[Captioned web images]
[Start of section]

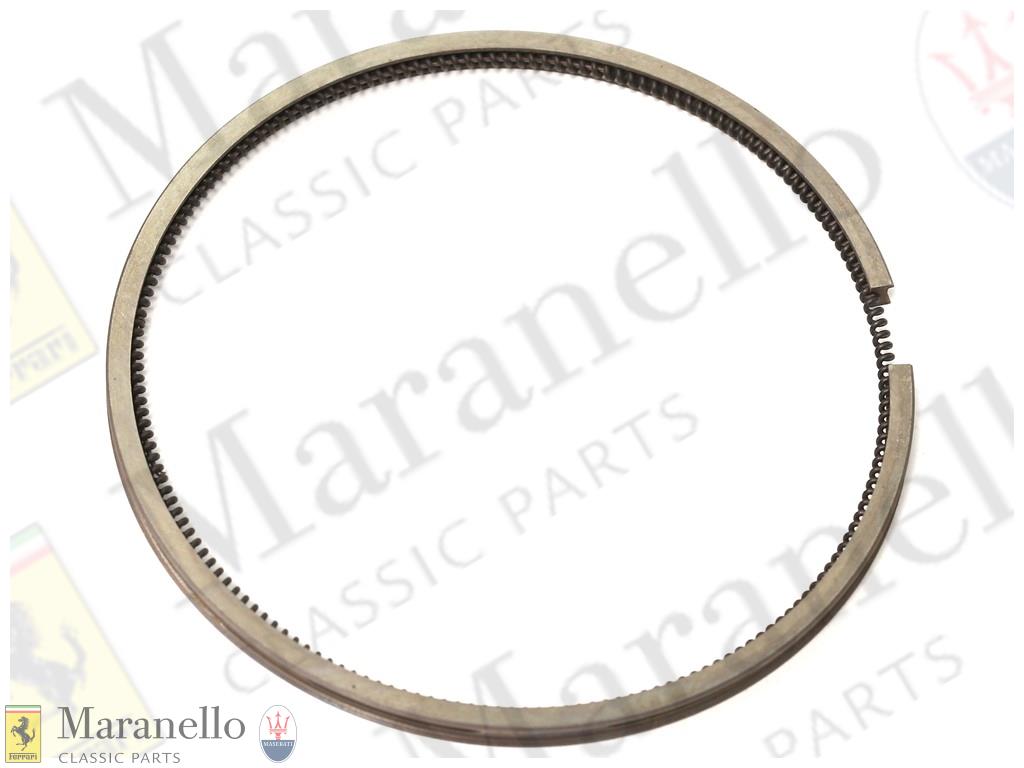 Piston Ring 2nd O/S 0.2mm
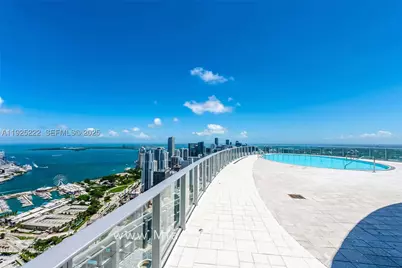 851 NE 1st #1608, Miami, FL 33132 - Photo 33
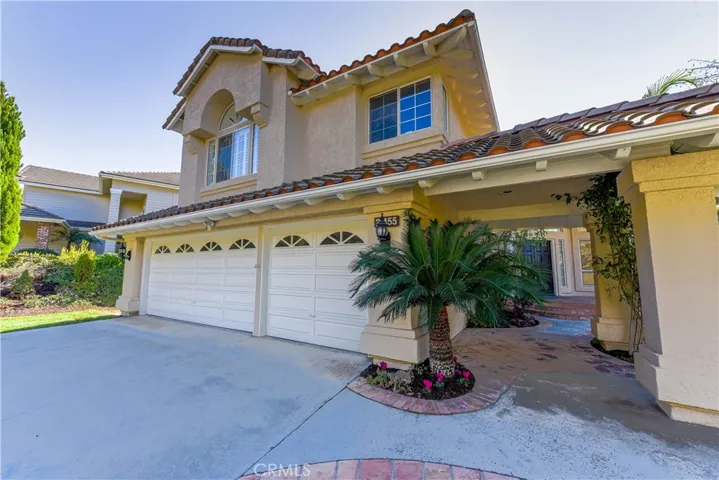 21455 Birdhollow Drive, Rancho Santa Margarita, California 92679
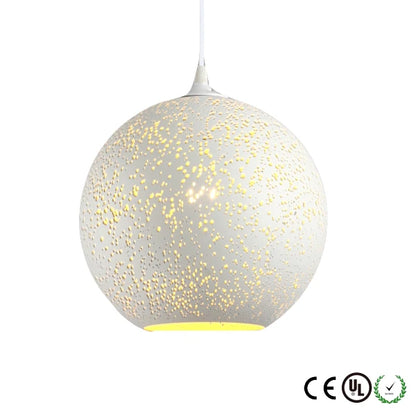 Hanging lighting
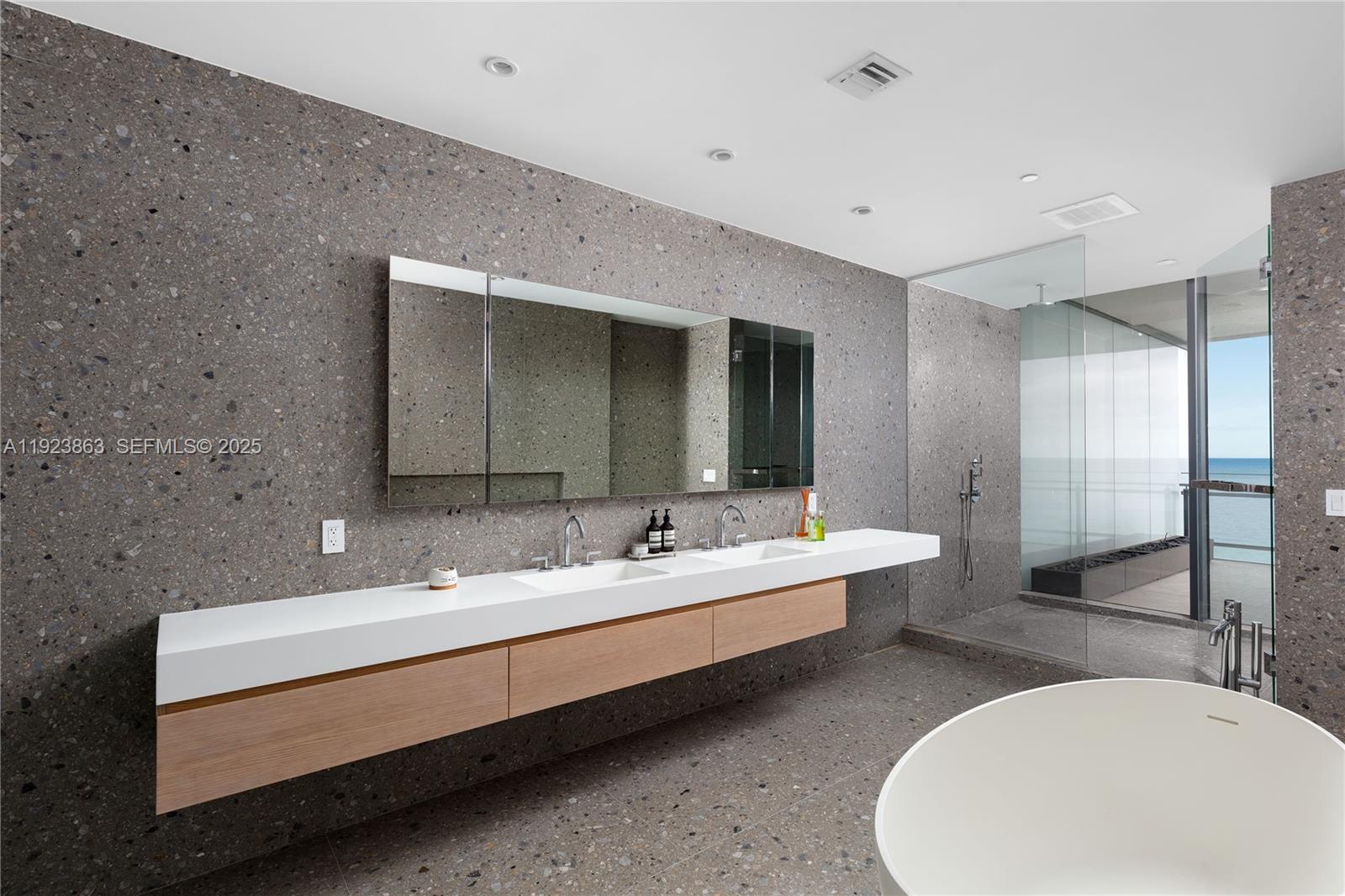 8701 COLLINS AVE CONDO - Residential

[End of section]

* _Prompt_:
A picture-free version of all the records, repeated exactly, is what to return.

* _Response area_:
 Piston Ring 2nd O/S 0.2mm
 851 NE 1st #1608, Miami, FL 33132 - Photo 33
 21455 Birdhollow Drive, Rancho Santa Margarita, California 92679
 Hanging lighting
 8701 COLLINS AVE CONDO - Residential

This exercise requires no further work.